(Data extract begins)
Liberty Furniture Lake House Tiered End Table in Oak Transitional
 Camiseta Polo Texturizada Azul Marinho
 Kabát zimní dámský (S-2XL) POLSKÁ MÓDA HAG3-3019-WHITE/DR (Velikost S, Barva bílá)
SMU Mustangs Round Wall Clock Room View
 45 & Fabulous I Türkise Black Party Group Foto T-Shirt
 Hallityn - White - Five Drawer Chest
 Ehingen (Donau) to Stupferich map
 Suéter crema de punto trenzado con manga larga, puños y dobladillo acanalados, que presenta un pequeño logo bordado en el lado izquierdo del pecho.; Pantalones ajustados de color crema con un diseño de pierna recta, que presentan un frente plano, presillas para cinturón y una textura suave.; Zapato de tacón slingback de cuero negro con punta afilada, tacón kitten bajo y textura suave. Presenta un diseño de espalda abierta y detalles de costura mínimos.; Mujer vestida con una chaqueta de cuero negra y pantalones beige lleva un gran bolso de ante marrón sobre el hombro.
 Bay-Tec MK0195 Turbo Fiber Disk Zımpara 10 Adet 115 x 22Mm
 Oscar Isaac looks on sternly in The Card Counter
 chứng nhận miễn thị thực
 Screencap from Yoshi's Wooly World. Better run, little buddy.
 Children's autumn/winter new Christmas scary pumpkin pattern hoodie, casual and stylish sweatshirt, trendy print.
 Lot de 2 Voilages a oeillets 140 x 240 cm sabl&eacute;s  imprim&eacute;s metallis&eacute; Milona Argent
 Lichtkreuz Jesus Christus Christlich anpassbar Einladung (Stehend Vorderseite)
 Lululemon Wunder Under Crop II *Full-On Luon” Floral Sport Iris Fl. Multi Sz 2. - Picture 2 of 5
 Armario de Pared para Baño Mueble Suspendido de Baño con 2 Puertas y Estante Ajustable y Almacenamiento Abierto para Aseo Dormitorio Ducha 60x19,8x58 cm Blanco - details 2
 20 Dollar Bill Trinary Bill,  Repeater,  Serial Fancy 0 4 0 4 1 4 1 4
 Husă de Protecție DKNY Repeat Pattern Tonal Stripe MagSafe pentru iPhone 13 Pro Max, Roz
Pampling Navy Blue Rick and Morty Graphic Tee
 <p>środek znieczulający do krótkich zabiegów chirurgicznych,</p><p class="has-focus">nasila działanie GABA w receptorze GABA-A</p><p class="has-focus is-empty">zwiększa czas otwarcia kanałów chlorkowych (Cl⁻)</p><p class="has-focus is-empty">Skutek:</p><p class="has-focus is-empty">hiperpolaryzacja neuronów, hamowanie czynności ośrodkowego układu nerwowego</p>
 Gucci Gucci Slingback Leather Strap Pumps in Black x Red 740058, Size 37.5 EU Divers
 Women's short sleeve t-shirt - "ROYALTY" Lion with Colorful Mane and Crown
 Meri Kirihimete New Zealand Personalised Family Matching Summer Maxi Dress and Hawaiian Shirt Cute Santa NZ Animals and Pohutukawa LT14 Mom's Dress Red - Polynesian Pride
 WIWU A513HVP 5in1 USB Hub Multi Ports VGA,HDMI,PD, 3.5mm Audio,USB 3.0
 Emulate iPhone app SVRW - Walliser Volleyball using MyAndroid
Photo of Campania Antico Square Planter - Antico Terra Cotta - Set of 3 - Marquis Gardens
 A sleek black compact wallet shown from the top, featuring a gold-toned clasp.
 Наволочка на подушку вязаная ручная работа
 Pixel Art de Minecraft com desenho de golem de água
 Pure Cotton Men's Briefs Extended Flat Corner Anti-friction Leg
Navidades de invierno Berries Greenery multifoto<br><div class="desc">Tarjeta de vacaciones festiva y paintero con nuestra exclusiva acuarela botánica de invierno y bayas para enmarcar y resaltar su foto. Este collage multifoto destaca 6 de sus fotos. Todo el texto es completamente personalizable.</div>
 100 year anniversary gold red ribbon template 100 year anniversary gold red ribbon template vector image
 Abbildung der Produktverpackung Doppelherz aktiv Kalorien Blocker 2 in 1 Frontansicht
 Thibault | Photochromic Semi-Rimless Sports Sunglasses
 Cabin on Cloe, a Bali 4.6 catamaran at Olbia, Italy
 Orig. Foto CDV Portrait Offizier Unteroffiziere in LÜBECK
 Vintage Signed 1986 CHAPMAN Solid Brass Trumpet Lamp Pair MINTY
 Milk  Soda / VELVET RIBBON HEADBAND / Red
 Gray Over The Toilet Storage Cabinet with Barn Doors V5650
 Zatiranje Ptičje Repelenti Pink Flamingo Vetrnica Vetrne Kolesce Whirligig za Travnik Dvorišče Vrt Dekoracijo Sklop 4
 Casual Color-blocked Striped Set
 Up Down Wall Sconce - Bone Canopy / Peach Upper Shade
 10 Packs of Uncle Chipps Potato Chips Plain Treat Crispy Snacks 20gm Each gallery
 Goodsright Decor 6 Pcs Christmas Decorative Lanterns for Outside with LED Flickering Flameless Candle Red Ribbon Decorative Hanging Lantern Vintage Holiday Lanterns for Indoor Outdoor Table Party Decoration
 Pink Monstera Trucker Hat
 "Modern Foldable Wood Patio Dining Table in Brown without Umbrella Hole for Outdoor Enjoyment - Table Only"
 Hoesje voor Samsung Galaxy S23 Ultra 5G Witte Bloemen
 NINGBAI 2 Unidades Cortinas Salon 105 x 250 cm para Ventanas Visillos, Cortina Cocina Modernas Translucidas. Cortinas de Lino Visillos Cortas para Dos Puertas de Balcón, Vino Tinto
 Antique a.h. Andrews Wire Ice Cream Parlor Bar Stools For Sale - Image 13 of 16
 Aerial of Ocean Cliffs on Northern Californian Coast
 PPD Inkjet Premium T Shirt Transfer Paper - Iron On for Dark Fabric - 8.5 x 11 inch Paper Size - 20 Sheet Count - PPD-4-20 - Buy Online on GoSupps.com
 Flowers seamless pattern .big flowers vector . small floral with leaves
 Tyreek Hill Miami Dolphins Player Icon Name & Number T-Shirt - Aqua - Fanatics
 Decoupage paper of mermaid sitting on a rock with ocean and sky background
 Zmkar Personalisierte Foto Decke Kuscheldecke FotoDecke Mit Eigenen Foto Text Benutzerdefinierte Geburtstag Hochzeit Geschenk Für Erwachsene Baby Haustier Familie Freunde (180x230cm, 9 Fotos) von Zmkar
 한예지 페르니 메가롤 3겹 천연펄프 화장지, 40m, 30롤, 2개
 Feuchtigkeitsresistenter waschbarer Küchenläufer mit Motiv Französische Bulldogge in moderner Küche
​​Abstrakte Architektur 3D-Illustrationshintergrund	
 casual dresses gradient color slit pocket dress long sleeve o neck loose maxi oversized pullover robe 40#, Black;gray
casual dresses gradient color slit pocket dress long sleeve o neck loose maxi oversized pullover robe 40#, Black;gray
(Data extract ends)
* _Work item_:
All of the records shown above should be reproduced exactly.

* _Answer for the task_:
Liberty Furniture Lake House Tiered End Table in Oak Transitional
 Camiseta Polo Texturizada Azul Marinho
 Kabát zimní dámský (S-2XL) POLSKÁ MÓDA HAG3-3019-WHITE/DR (Velikost S, Barva bílá)
SMU Mustangs Round Wall Clock Room View
 45 & Fabulous I Türkise Black Party Group Foto T-Shirt
 Hallityn - White - Five Drawer Chest
 Ehingen (Donau) to Stupferich map
 Suéter crema de punto trenzado con manga larga, puños y dobladillo acanalados, que presenta un pequeño logo bordado en el lado izquierdo del pecho.; Pantalones ajustados de color crema con un diseño de pierna recta, que presentan un frente plano, presillas para cinturón y una textura suave.; Zapato de tacón slingback de cuero negro con punta afilada, tacón kitten bajo y textura suave. Presenta un diseño de espalda abierta y detalles de costura mínimos.; Mujer vestida con una chaqueta de cuero negra y pantalones beige lleva un gran bolso de ante marrón sobre el hombro.
 Bay-Tec MK0195 Turbo Fiber Disk Zımpara 10 Adet 115 x 22Mm
 Oscar Isaac looks on sternly in The Card Counter
 chứng nhận miễn thị thực
 Screencap from Yoshi's Wooly World. Better run, little buddy.
 Children's autumn/winter new Christmas scary pumpkin pattern hoodie, casual and stylish sweatshirt, trendy print.
 Lot de 2 Voilages a oeillets 140 x 240 cm sabl&eacute;s  imprim&eacute;s metallis&eacute; Milona Argent
 Lichtkreuz Jesus Christus Christlich anpassbar Einladung (Stehend Vorderseite)
 Lululemon Wunder Under Crop II *Full-On Luon” Floral Sport Iris Fl. Multi Sz 2. - Picture 2 of 5
 Armario de Pared para Baño Mueble Suspendido de Baño con 2 Puertas y Estante Ajustable y Almacenamiento Abierto para Aseo Dormitorio Ducha 60x19,8x58 cm Blanco - details 2
 20 Dollar Bill Trinary Bill,  Repeater,  Serial Fancy 0 4 0 4 1 4 1 4
 Husă de Protecție DKNY Repeat Pattern Tonal Stripe MagSafe pentru iPhone 13 Pro Max, Roz
Pampling Navy Blue Rick and Morty Graphic Tee
 <p>środek znieczulający do krótkich zabiegów chirurgicznych,</p><p class="has-focus">nasila działanie GABA w receptorze GABA-A</p><p class="has-focus is-empty">zwiększa czas otwarcia kanałów chlorkowych (Cl⁻)</p><p class="has-focus is-empty">Skutek:</p><p class="has-focus is-empty">hiperpolaryzacja neuronów, hamowanie czynności ośrodkowego układu nerwowego</p>
 Gucci Gucci Slingback Leather Strap Pumps in Black x Red 740058, Size 37.5 EU Divers
 Women's short sleeve t-shirt - "ROYALTY" Lion with Colorful Mane and Crown
 Meri Kirihimete New Zealand Personalised Family Matching Summer Maxi Dress and Hawaiian Shirt Cute Santa NZ Animals and Pohutukawa LT14 Mom's Dress Red - Polynesian Pride
 WIWU A513HVP 5in1 USB Hub Multi Ports VGA,HDMI,PD, 3.5mm Audio,USB 3.0
 Emulate iPhone app SVRW - Walliser Volleyball using MyAndroid
Photo of Campania Antico Square Planter - Antico Terra Cotta - Set of 3 - Marquis Gardens
 A sleek black compact wallet shown from the top, featuring a gold-toned clasp.
 Наволочка на подушку вязаная ручная работа
 Pixel Art de Minecraft com desenho de golem de água
 Pure Cotton Men's Briefs Extended Flat Corner Anti-friction Leg
Navidades de invierno Berries Greenery multifoto<br><div class="desc">Tarjeta de vacaciones festiva y paintero con nuestra exclusiva acuarela botánica de invierno y bayas para enmarcar y resaltar su foto. Este collage multifoto destaca 6 de sus fotos. Todo el texto es completamente personalizable.</div>
 100 year anniversary gold red ribbon template 100 year anniversary gold red ribbon template vector image
 Abbildung der Produktverpackung Doppelherz aktiv Kalorien Blocker 2 in 1 Frontansicht
 Thibault | Photochromic Semi-Rimless Sports Sunglasses
 Cabin on Cloe, a Bali 4.6 catamaran at Olbia, Italy
 Orig. Foto CDV Portrait Offizier Unteroffiziere in LÜBECK
 Vintage Signed 1986 CHAPMAN Solid Brass Trumpet Lamp Pair MINTY
 Milk  Soda / VELVET RIBBON HEADBAND / Red
 Gray Over The Toilet Storage Cabinet with Barn Doors V5650
 Zatiranje Ptičje Repelenti Pink Flamingo Vetrnica Vetrne Kolesce Whirligig za Travnik Dvorišče Vrt Dekoracijo Sklop 4
 Casual Color-blocked Striped Set
 Up Down Wall Sconce - Bone Canopy / Peach Upper Shade
 10 Packs of Uncle Chipps Potato Chips Plain Treat Crispy Snacks 20gm Each gallery
 Goodsright Decor 6 Pcs Christmas Decorative Lanterns for Outside with LED Flickering Flameless Candle Red Ribbon Decorative Hanging Lantern Vintage Holiday Lanterns for Indoor Outdoor Table Party Decoration
 Pink Monstera Trucker Hat
 "Modern Foldable Wood Patio Dining Table in Brown without Umbrella Hole for Outdoor Enjoyment - Table Only"
 Hoesje voor Samsung Galaxy S23 Ultra 5G Witte Bloemen
 NINGBAI 2 Unidades Cortinas Salon 105 x 250 cm para Ventanas Visillos, Cortina Cocina Modernas Translucidas. Cortinas de Lino Visillos Cortas para Dos Puertas de Balcón, Vino Tinto
 Antique a.h. Andrews Wire Ice Cream Parlor Bar Stools For Sale - Image 13 of 16
 Aerial of Ocean Cliffs on Northern Californian Coast
 PPD Inkjet Premium T Shirt Transfer Paper - Iron On for Dark Fabric - 8.5 x 11 inch Paper Size - 20 Sheet Count - PPD-4-20 - Buy Online on GoSupps.com
 Flowers seamless pattern .big flowers vector . small floral with leaves
 Tyreek Hill Miami Dolphins Player Icon Name & Number T-Shirt - Aqua - Fanatics
 Decoupage paper of mermaid sitting on a rock with ocean and sky background
 Zmkar Personalisierte Foto Decke Kuscheldecke FotoDecke Mit Eigenen Foto Text Benutzerdefinierte Geburtstag Hochzeit Geschenk Für Erwachsene Baby Haustier Familie Freunde (180x230cm, 9 Fotos) von Zmkar
 한예지 페르니 메가롤 3겹 천연펄프 화장지, 40m, 30롤, 2개
 Feuchtigkeitsresistenter waschbarer Küchenläufer mit Motiv Französische Bulldogge in moderner Küche
​​Abstrakte Architektur 3D-Illustrationshintergrund	
 casual dresses gradient color slit pocket dress long sleeve o neck loose maxi oversized pullover robe 40#, Black;gray
casual dresses gradient color slit pocket dress long sleeve o neck loose maxi oversized pullover robe 40#, Black;gray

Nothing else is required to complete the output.